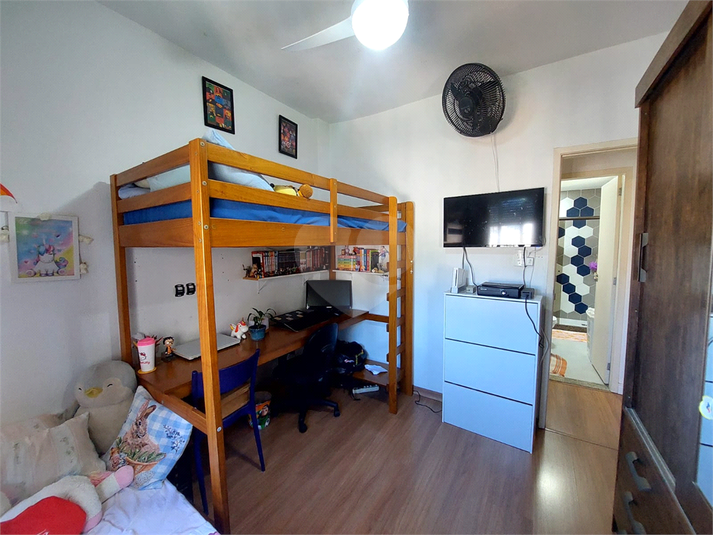Foto REO1093927
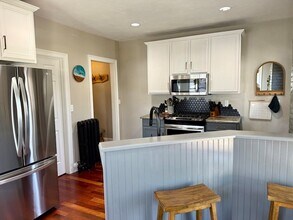 123 Court St, Unit 2 in Plymouth, MA - Foto de edificio - Building Photo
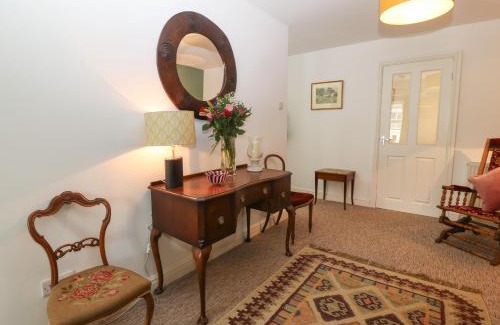 Cemaes Bay Apartment | The Bell Apartment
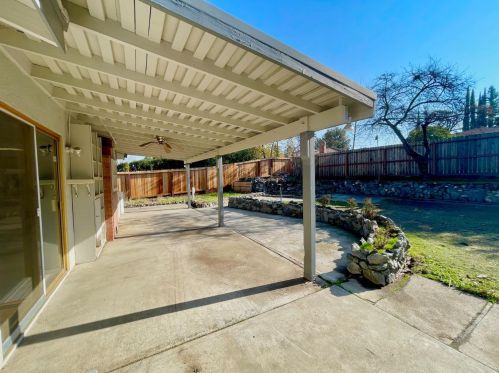7924 Wildridge Dr, Fair Oaks, CA 95628-3640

**WORK REQUIRED**. Extract only the lines from the line containing "123 Court St, Unit" through the final line of the listing above, unchanged; pictures stay out of the copy.

**SOLVED PROBLEM**.
 123 Court St, Unit 2 in Plymouth, MA - Foto de edificio - Building Photo
 Cemaes Bay Apartment | The Bell Apartment
7924 Wildridge Dr, Fair Oaks, CA 95628-3640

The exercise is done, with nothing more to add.